# TASK REQUIREMENTS:
Within the listing below, give again exactly the lines between the one containing "Apartamento à venda" and the one containing "LOUIS VUITTON M56697", inclusive, pictures left aside.

# INFORMATION GIVEN:
* * * * * * * * *
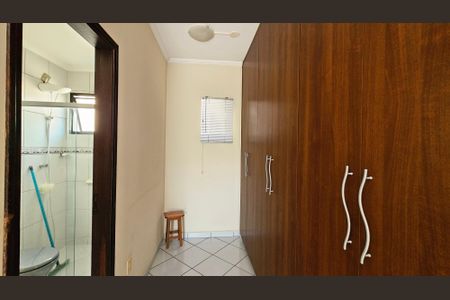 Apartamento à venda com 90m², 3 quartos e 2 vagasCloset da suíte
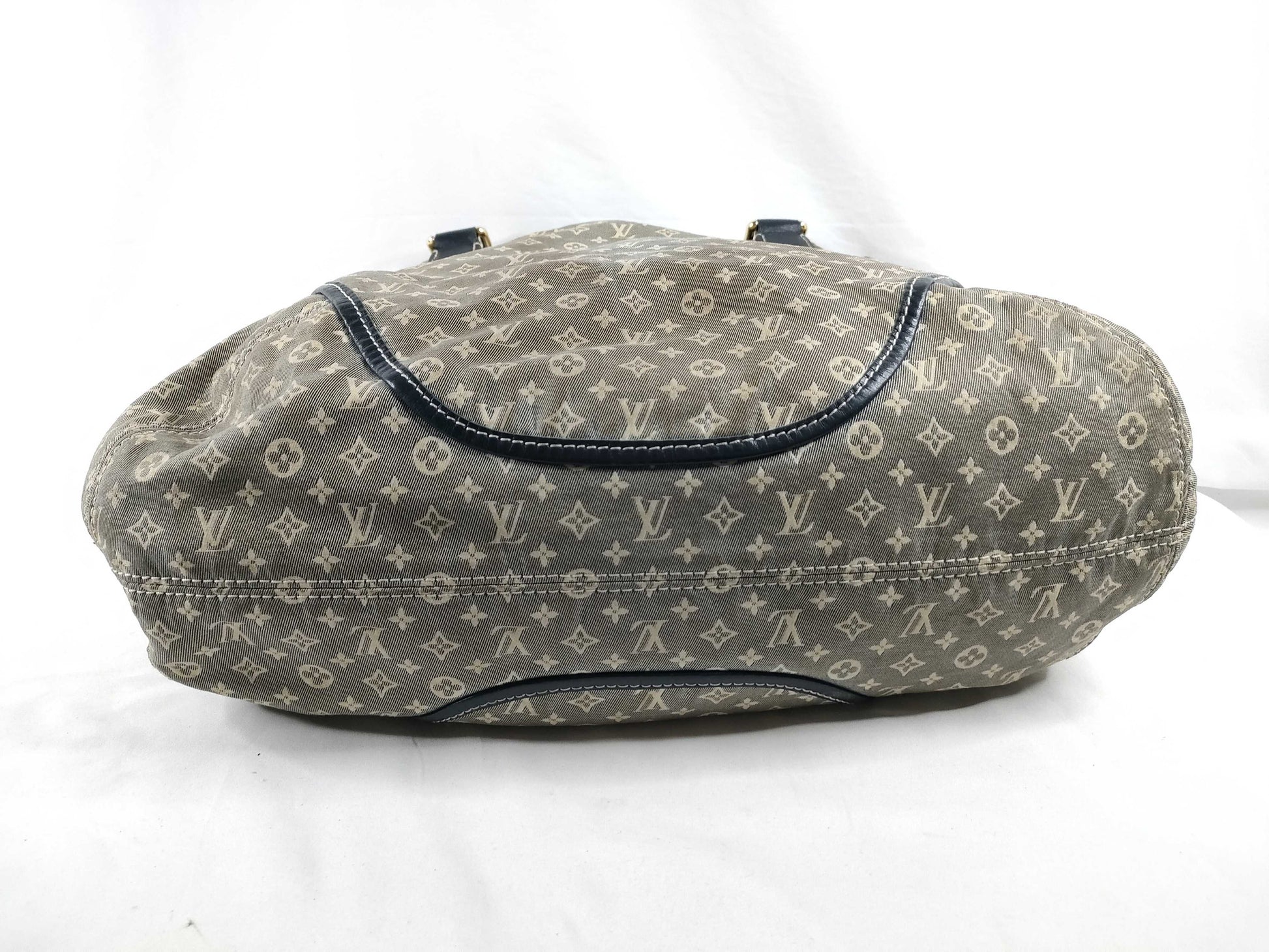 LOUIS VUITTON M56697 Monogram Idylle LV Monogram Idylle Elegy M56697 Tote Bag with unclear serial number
* * * * * * * * *
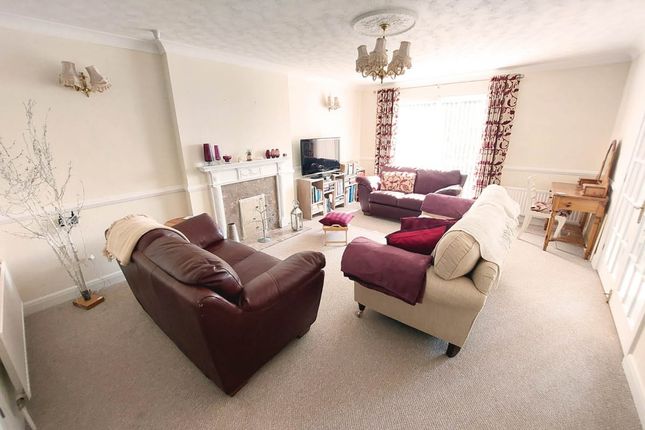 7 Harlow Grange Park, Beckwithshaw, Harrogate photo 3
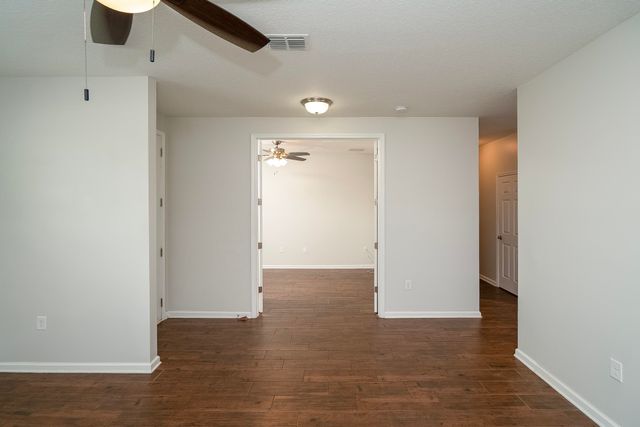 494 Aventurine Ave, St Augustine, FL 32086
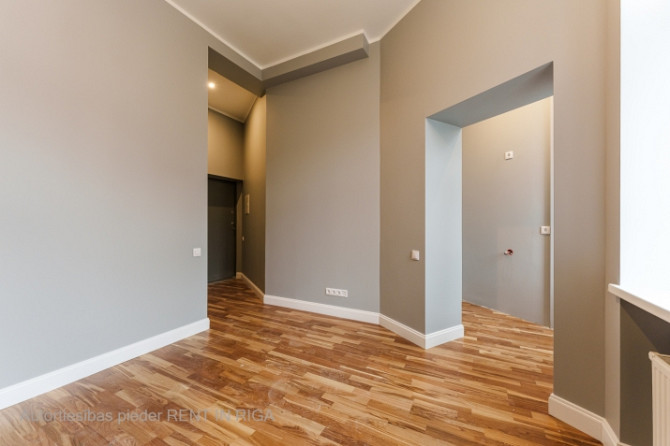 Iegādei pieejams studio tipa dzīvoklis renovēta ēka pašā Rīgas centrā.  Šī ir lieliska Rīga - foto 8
* * * * * * * * *
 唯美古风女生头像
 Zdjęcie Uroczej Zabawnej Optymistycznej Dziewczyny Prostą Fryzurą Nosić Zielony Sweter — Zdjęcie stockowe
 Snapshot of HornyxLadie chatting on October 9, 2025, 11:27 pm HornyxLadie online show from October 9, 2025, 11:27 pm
* * * * * * * * *
# EXERCISE OUTPUT:
 Apartamento à venda com 90m², 3 quartos e 2 vagasCloset da suíte
 LOUIS VUITTON M56697 Monogram Idylle LV Monogram Idylle Elegy M56697 Tote Bag with unclear serial number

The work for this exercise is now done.